MSRP, No Supplier Pricing on any of the new 05 GTOs per the local gmbuypower manager oh well I guess I will wait.


----------



## drmustang (Nov 29, 2004)

Dealers who demand fool MSRP on these 05's are not going to sell many. 12,000 units is a substantial number considering the small market for this car.


----------



## WS6Vert (Dec 9, 2004)

I've already been qouted online for a 6 spd at $35,999! A dealer from the ATL area. I wrote him back and told him he was crazy. My local dealer quoted $500 off sticker and then the $1500 loyalty rebate.


----------



## dctex99 (Dec 24, 2004)

Banana Goat said:


> I figure about one month of dealers trying to sell the '05 without rebates to the 'I gotta have it crowd' then GM will have to start doing rebates. The GTO isn't the Mustang, it has a much smaller target audience, many of which already bought an '04 GTO and are not in a position to buy the '05. Also, once the pics start coming out of the '06, the '05s will start to become 'old news'. The only things that might keep prices up on the '05s is if the '06s look like crap, it gets shelved by GM or they get a downgrade in HP compared to the '05.
> 
> On a side note, I saw a Hertz rent-a-car commercial last night advertising the Mustang. Nothing makes you feel like your car is special like 100,000 business travellers and tourists driving a car just like yours! :rofl:


ENTERPRISE Rent a Car said they will have GTO's in their fleet later this month!!!!!!!!!!!!!! Anyone wanna test drive???


----------



## intofx (Jan 3, 2005)

dctex99 said:


> ENTERPRISE Rent a Car said they will have GTO's in their fleet later this month!!!!!!!!!!!!!! Anyone wanna test drive???
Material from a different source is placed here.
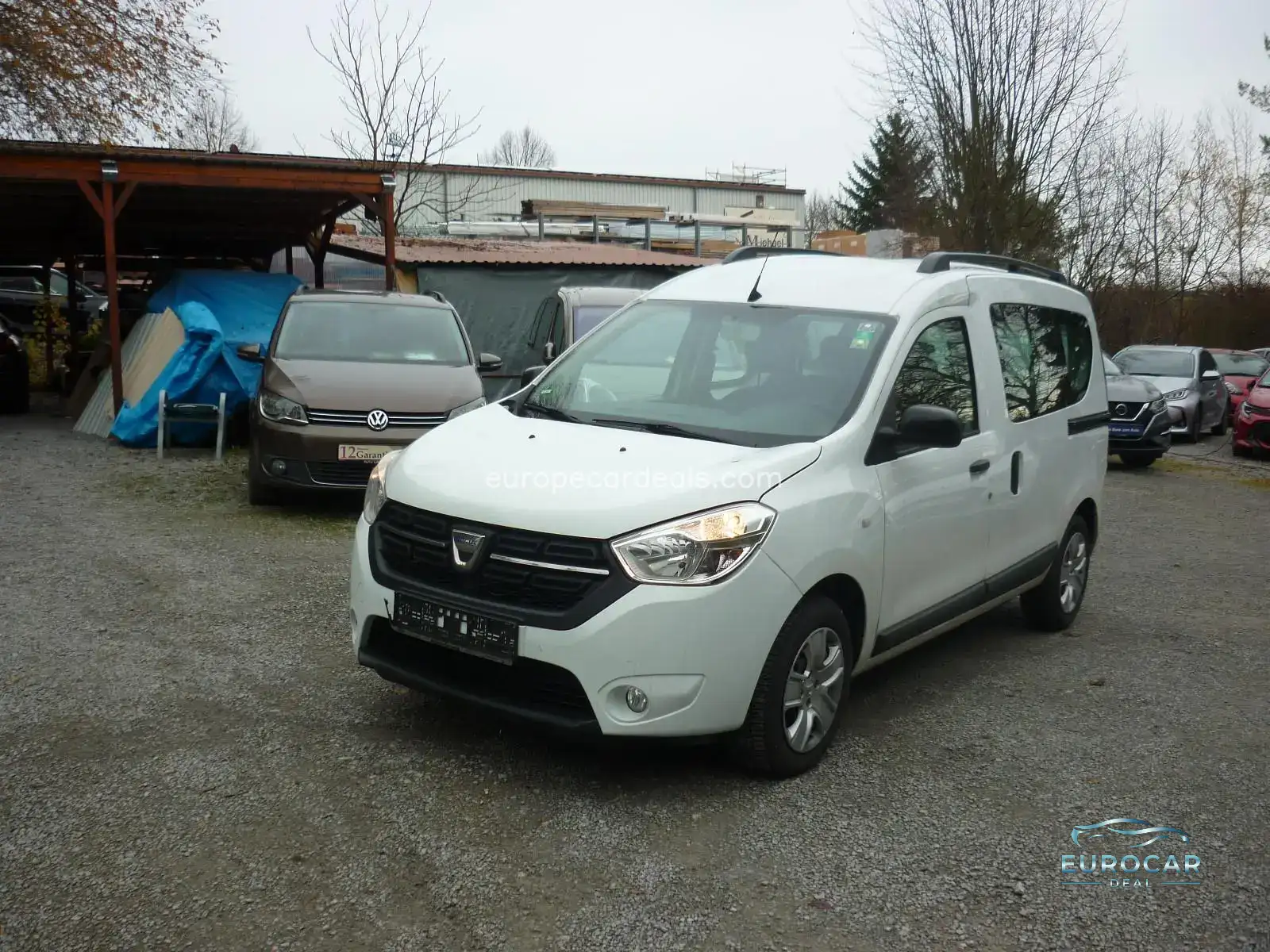 Dacia Dokker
Ahhh, so that's what they are going to do with all of the leftover '04's they won't lease.  :willy:


----------



## Firehawk (Sep 9, 2004)

As I said in another post the dealer here said the 04 was under 24 but that did not include the 05 hood they ordered for the 4 they had on the lot.  
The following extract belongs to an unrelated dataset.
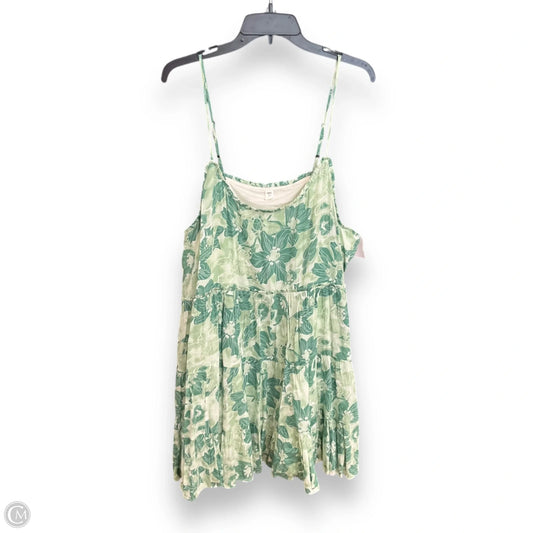 Dress Casual Short By Bp  Size: 2x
It's sad for those who paid top dollar but if you want to be first on the block it happens.
I waited when I bought my 04 Z06/ Z16 CE that was stickered at 57 and change. I got a $12500 discount at Kerbeck's in Atlantic City, NJ, but many paid sticker or close to it. As with anything look around and be patient it may save you thousands in the long run.


----------



## vrb747 (Dec 25, 2004)

intofx said:


> Ahhh, so that's what they are going to do with all of the leftover '04's they won't lease.  :willy:


Dont worry, our time will come. With 12000 05s to sell on top of the 1000 remaining 04s, we will get that elusive lease deal yet!!

Just wait & watch!


----------



## II-Savy (Jan 12, 2005)

This what I am also thinking. They didn't change it ENOUGH for everyone to say WOW LOOK AT THE GTO NOW!!!! *I* like it but whatever, not enough people will go nuts for it even with 50hp and hood/pipes.


----------



## WS6Vert (Dec 9, 2004)

Yeah, not a big enough change. The car is brutally quick with 400 hp. It really pins you in the seat.
I'll wait til the end of the year if I have to. I think we have GM by the b**s. No rebate or special interest deals just won't sell a GM any longer. Sorry, it's true.


----------



## EdwardC (Oct 8, 2004)

I can wait on the deals. Even at 12,000 units and a 50 hp increase, '05 will be a repeat of '04 - not because of marketing but because the Charger and SRT8 versions of the 300 and Magnum will reach showrooms by the summer. Sometime around next November or December, I will head down to my local Pontiac dealer and pick up an impulse blue '05 A4 with the blue leather interior with $5500 cash back and 1.9-2.9% financing. Count on it.


----------



## TexasRealtor (Oct 4, 2004)

dctex99 said:


> ENTERPRISE Rent a Car said they will have GTO's in their fleet later this month!!!!!!!!!!!!!! Anyone wanna test drive???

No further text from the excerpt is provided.